Book Synopsis Dissertation Abstracts International by :
Download or read book Dissertation Abstracts International written by and published by . This book was released on 2009-06 with total page 546 pages. Available in PDF, EPUB and Kindle. Book excerpt:
Book Synopsis African Epistemologies in Higher Education Research by : Kolawole Samuel Adeyemo
Download or read book African Epistemologies in Higher Education Research written by Kolawole Samuel Adeyemo and published by Taylor & Francis. This book was released on 2023-09-13 with total page 98 pages. Available in PDF, EPUB and Kindle. Book excerpt: Bringing a needed perspective on African Epistemologies on the critical topics of higher education in relation to knowledge systems, this book highlights how knowledge creation processes influence higher education systems, society, and African development. This book uses an interdisciplinary approach to frame the connections between academic knowledge systems. Specifically, it seeks to answer questions on the trends in knowledge mobility, histories, and sociological dimensions in knowledge production in post-colonial Africa. The discussion explores how existing knowledge systems can better align with past and present narratives throughout African history and philosophies. The primary thought behind this book is to deconstruct the idea of a free market, the issue of corruption, racism and the neoliberalist approach to knowledge creation and transmission. Thus, it seeks to answer questions on the history and sociological dimensions of knowledge production in higher education. The book argues that African epistemologies can be better understood by investigating present sociologies and histories shaping African higher education research. Researchers and university students in the field of sociology of education, economics of education, higher education and policy will find this book very useful.

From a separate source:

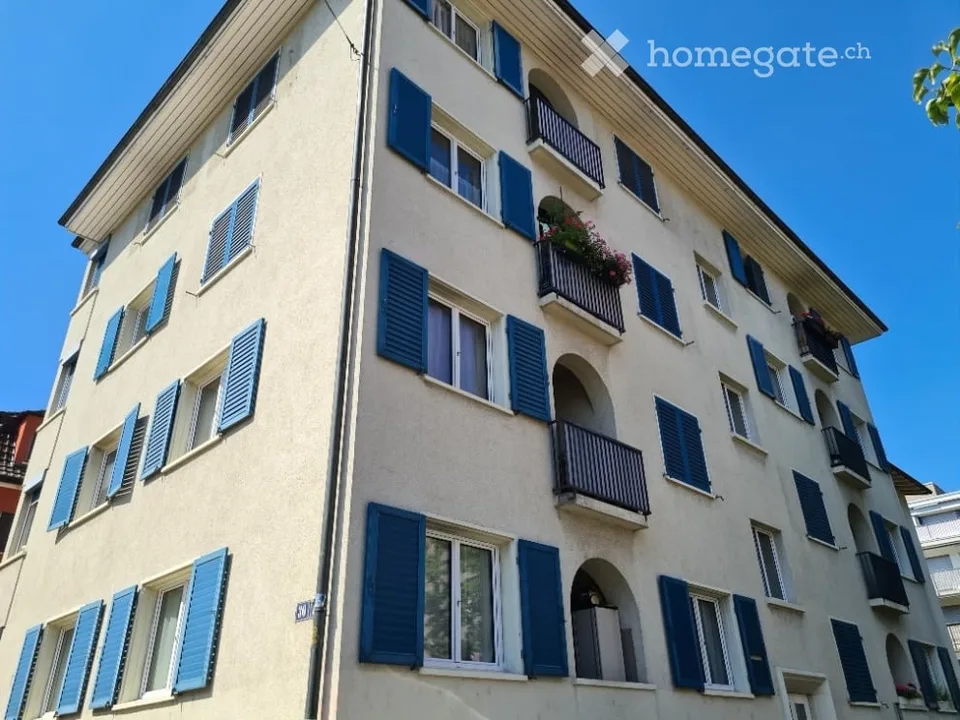 Total renovierte, trendige Wohnung im Herzen von Zürich-Altstetten!
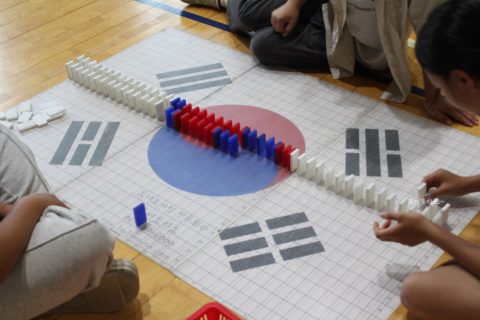 제7회 필락 청소년축제 도미노 쌓기 사진 33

Book Synopsis Bulletin - International Association of Orientalist Librarians by : International Association of Orientalist Librarians
Download or read book Bulletin - International Association of Orientalist Librarians written by International Association of Orientalist Librarians and published by . This book was released on 2000 with total page 106 pages. Available in PDF, EPUB and Kindle. Book excerpt:
Download or read book Subject Lessons written by Sanjay Seth and published by Duke University Press. This book was released on 2007-08-29 with total page 277 pages. Available in PDF, EPUB and Kindle. Book excerpt: Subject Lessons offers a fascinating account of how western knowledge “traveled” to India, changed that which it encountered, and was itself transformed in the process. Beginning in 1835, India’s British rulers funded schools and universities to disseminate modern, western knowledge in the expectation that it would gradually replace indigenous ways of knowing. From the start, western education was endowed with great significance in India, not only by the colonizers but also by the colonized, to the extent that today almost all “serious” knowledge about India—even within India—is based on western epistemologies. In Subject Lessons, Sanjay Seth’s investigation into how western knowledge was received by Indians under colonial rule becomes a broader inquiry into how modern, western epistemology came to be seen not merely as one way of knowing among others but as knowledge itself. Drawing on history, political science, anthropology, and philosophy, Seth interprets the debates and controversies that came to surround western education. Central among these were concerns that Indian students were acquiring western education by rote memorization—and were therefore not acquiring “true knowledge”—and that western education had plunged Indian students into a moral crisis, leaving them torn between modern, western knowledge and traditional Indian beliefs. Seth argues that these concerns, voiced by the British as well as by nationalists, reflected the anxiety that western education was failing to produce the modern subjects it presupposed. This failure suggested that western knowledge was not the universal epistemology it was thought to be. Turning to the production of collective identities, Seth illuminates the nationalists’ position vis-à-vis western education—which they both sought and criticized—through analyses of discussions about the education of Muslims and women.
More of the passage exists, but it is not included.